Донорская кровь тоже очень нужна — но мы не допускаем к донорству вирусоносителей или алкоголиков. Почему же тогда в нашей благотворительности царствует принцип «Деньги не пахнут»? Больным детям, конечно, все равно, кто на них жертвует, но обществу не все равно, кого оно оправдывает и называет благодетелем. Я видел много семей, в которых появился усыновленный ребенок. И очень часто, увы, я наблюдал полную родительскую беспомощность перед этим вполне сложившимся человеком, с которым их домашние педагогические технологии абсолютно не работали. Видел я, к сожалению, и вовсе уж печальные ситуации — когда ребенка усыновляли с явно корыстной целью и, едва оформив документы на усыновление, начинали демонстрировать облагодетельствованного малыша как главный аргумент в свою пользу. Речь шла не только о расширении жилплощади или получении материальных преференций, но о некоей легитимизации в статусе святого, которому теперь все можно. Кто это смеет на меня жаловаться, ежели я ребенка усыновил?! У нас сегодня усыновление пропагандируется с такой глянцевой уверенностью в его благотворности, как будто не было страшного рассказа Фланнери О'Коннор «Хромые внидут первыми», как раз о губительности тех самых благих намерений. Как будто не было в литературе трифоновского «Исчезновения», одна из линий которого — как раз история старого большевика, который усыновил беспризорника и оказался перед ним совершенно беспомощен. Беспризорник этот тиранил его как хотел. Напомню, наконец, о прекрасном «Романе воспитания» Нины Горлановой и Вячеслава Букура: страшного автобиографического повествования о том, как чудесная интеллигентная семья взяла к себе несчастную дворовую девочку и стала развивать в ней таланты. Девочка оказалась такая, что семья по сей день в себя не придет. Беда, однако, в том, что пока девочка росла, о позитивном опыте прекрасных пермских интеллигентов успели рассказать местные журналисты, инициатива оказалась распропагандирована и подхвачена — примерно как инициатива семьи Берберовых, воспитывавших льва… Все это описано в «Романе воспитания» с натуры. Но его, кажется, мало кто читал.

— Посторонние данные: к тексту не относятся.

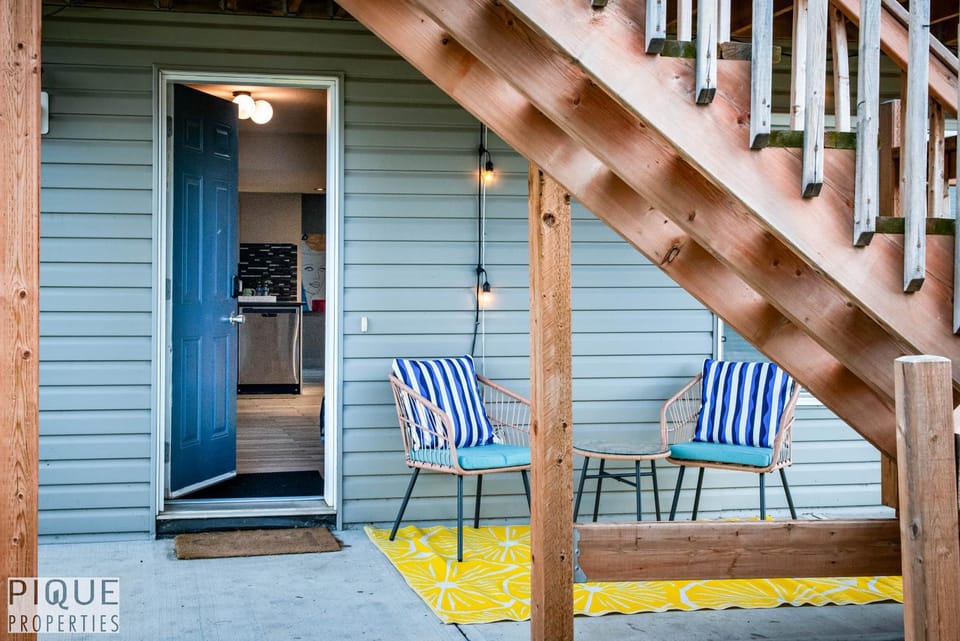 Bright 2BDRM - King Bed - Patio - Netflix - WiFi Apartment in Edmonton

Все это, наверное, звучит очень цинично. Но есть на свете куда более циничные вещи. Например, когда в детдом приходят будущие приемные родители и начинают выбирать объект для усыновления. Выбирают симпатичных, хорошеньких. По возможности здоровых. Некрасивые и больные остаются. И боюсь, что эти торги — не лучший опыт в смысле воспитания. Он может оказаться такой травмой, что никаким добрым отношением не выправишь. Может быть, сегодня это научились обставлять как-нибудь менее травматично — не знаю. Может, гипотетические родители подсматривают в щелочку, незримые для усыновляемых?